Presidential candidate Sen. Ted Cruz, R-Texas, announced his presidential bid at Liberty University, a well-known conservative, Christian college founded by Jerry Falwell. It's a testament to his faith and Southern Baptist roots that have kept him grounded throughout his life. But here are five facts you may not know about Cruz's personal faith.
1. While Cruz says that government should protect the religious rights of people, leaders should avoid using their faith for political gain.
In a 2013 interview, he explained that faith is "a personal relationship with Jesus Christ as your Lord and Savior. Life, liberty, and property, the fundamental natural rights of man are given to every one of us by God, and the role of government fundamentally is to protect those rights. I think anyone in politics — you've got a special obligation to avoid being a pharisee, to avoid ostentatiously wrapping yourself in your faith. Because I think in politics, it's too easy for that to become a crutch, for that to be politically useful," he said during his appearance on "The 700 Club."
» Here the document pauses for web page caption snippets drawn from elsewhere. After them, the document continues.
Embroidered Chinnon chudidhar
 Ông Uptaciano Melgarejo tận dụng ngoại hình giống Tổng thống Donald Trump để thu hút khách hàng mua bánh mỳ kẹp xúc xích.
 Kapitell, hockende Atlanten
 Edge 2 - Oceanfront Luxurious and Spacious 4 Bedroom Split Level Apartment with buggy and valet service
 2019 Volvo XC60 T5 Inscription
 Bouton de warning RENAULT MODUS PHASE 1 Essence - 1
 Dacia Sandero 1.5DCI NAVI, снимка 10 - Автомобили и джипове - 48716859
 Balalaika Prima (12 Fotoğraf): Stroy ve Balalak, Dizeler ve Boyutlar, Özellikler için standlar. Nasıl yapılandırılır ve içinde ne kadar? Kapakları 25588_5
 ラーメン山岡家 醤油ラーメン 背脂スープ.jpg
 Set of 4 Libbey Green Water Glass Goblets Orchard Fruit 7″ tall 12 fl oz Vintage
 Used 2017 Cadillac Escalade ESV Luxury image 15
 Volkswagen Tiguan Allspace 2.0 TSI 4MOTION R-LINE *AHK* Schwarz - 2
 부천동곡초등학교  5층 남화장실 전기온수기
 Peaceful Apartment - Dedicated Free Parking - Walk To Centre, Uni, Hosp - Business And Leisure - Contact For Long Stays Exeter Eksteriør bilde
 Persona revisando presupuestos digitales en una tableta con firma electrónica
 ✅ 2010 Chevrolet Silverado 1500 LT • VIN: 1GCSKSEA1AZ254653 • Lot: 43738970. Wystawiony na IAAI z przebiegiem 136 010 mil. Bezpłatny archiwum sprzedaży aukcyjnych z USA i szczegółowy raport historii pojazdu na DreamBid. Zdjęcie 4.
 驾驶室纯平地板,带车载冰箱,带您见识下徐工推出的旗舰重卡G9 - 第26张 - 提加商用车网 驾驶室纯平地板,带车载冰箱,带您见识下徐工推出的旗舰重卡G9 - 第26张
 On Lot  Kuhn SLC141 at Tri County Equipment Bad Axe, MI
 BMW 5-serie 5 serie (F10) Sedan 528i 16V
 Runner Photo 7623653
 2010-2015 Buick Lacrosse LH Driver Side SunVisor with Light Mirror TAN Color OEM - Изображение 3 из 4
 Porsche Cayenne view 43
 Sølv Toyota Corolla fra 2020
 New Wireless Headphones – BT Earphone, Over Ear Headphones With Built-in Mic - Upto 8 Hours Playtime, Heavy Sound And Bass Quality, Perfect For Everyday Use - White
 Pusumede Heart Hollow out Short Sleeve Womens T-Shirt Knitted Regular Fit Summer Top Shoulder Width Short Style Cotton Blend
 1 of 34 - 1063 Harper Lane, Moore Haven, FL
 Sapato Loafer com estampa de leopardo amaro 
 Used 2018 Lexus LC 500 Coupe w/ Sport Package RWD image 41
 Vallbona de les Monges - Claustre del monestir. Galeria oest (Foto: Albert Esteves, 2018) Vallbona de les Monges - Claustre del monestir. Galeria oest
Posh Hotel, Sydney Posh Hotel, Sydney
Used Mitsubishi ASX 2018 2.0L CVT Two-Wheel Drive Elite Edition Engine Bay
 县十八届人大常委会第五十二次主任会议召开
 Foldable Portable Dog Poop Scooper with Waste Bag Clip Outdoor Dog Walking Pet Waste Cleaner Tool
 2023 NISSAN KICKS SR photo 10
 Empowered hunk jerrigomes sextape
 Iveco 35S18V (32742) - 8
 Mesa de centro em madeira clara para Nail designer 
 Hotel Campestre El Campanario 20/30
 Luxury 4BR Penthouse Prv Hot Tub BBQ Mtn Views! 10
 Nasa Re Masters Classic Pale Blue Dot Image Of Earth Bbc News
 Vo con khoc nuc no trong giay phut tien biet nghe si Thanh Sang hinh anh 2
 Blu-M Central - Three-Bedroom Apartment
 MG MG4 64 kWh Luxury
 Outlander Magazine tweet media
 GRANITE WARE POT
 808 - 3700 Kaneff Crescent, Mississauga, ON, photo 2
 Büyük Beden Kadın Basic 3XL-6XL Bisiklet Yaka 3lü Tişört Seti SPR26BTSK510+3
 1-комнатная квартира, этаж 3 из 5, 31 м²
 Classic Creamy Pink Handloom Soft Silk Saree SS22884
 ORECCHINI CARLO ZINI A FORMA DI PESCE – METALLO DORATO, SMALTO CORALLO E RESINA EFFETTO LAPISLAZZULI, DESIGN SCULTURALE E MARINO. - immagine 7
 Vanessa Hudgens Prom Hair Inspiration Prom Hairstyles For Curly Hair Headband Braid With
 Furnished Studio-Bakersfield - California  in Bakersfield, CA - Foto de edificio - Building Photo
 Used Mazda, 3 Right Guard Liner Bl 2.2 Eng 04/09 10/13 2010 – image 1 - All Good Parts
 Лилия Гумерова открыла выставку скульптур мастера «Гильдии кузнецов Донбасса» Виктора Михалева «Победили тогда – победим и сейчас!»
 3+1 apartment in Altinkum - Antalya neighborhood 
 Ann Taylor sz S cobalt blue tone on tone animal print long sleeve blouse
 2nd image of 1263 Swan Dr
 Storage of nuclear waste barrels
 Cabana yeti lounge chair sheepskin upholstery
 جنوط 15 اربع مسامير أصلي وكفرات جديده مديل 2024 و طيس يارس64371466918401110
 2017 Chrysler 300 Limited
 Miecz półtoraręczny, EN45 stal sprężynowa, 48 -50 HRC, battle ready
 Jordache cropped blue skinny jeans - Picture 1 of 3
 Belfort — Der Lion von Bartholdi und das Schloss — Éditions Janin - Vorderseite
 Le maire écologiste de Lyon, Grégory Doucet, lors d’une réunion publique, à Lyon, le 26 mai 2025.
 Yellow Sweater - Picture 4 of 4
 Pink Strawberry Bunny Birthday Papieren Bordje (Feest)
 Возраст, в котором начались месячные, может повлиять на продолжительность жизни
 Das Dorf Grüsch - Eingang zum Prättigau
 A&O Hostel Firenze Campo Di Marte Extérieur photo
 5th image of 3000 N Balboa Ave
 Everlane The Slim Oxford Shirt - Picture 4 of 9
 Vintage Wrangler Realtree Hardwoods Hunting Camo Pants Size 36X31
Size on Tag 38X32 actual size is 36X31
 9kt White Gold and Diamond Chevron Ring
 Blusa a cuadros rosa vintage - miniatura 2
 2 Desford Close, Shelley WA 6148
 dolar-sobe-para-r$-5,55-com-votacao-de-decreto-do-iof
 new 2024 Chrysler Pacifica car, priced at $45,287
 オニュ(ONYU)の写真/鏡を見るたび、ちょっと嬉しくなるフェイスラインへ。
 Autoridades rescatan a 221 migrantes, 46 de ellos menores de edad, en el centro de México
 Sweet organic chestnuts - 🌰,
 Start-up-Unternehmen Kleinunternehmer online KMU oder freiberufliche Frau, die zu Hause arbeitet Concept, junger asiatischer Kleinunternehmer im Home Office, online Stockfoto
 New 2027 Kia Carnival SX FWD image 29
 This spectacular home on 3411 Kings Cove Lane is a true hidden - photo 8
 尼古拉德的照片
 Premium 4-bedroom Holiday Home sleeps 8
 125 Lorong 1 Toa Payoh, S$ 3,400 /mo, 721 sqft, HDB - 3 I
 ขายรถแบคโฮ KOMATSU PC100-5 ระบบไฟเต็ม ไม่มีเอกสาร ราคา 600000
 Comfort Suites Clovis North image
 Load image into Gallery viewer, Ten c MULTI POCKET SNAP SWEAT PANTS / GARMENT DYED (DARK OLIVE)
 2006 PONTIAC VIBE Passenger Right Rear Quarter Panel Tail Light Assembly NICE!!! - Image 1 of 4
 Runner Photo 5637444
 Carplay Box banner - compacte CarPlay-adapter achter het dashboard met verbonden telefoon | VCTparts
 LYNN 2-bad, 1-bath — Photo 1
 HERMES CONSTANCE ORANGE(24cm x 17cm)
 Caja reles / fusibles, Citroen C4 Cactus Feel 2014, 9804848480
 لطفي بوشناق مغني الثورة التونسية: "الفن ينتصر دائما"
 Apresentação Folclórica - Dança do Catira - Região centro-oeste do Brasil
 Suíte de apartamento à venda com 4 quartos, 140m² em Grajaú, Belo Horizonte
2. If his father had not given his life to Christ, Cruz would have been raised by a single mom.
"You know, when I was a young child, my parents were living up in Calgary," he told a crowd of supporters. "And neither of my parents were people of faith at the time. Neither of them had a relationship with Christ. Both of my parents drank far too much. Both of them had serious problems with alcohol."
"And when I was three years old, my father decided he didn't want to be married anymore. And he didn't want a 3-year-old son. So he got on a plane and left Calgary and flew back to Texas to Houston. And he left us. Now, when he was in Houston, a colleague in the oil and gas business invited my father to come with him to Clay Road Baptist Church. And my father accepted that invitation; he went to Clay Road Baptist Church and he gave his life to Jesus, and he went and bought an airplane ticket and flew back to Calgary to rejoin my mother and to rejoin his son."
"So when anyone asks is faith real, is a relationship with Jesus real, I can tell you, if it were not for my father giving his life to Christ, I would have been raised by a single mother without having my dad in the home."
3. He fiercely supported Indiana's religious freedom law.
"We're seeing in the news right now a lot of noise because the state of Indiana bravely stood up and passed a law defending religious liberty. I'll say this: I will commend the state of Indiana for doing the right thing. Religious liberty is not some cockamamie new theory that the Indiana legislature just figured out yesterday. It was literally among the founding principles of our nation, and we have to be able to explain that cheerfully and with a smile," Cruz told a group gathered in Sioux City, Iowa, in April.
4. Cruz wants to mobilize born-again Christians and specifically addressed them in his announcement to run for president.
"Today, roughly half of born-again Christians aren't voting. They're staying home. Imagine instead millions of people of faith all across America coming out to the polls and voting our values. From the dawn of this country, at every stage, America has enjoyed God's providential blessing. Over and over again, the American people rose to the challenge. The power of the American people when we rise up and stand for liberty knows no bounds. God's blessing has been on America from the very beginning of this nation and I believe God isn't done with America yet," he said during his campaign announcement.
5. He was heckled for defending Israel at a conference for persecuted Christians.
"Tonight, we are all united in defense of Christians. Tonight, we are all united in defense of Jews. Tonight, we are all united in defense of people of good faith, who are standing together against those who would persecute and murder those who dare disagree with their religious teachings," Cruz said at the inaugural summit dinner of the group In Defense of Christians. "Christians have no greater ally than Israel," he said before being booed and heckled by some in the crowd.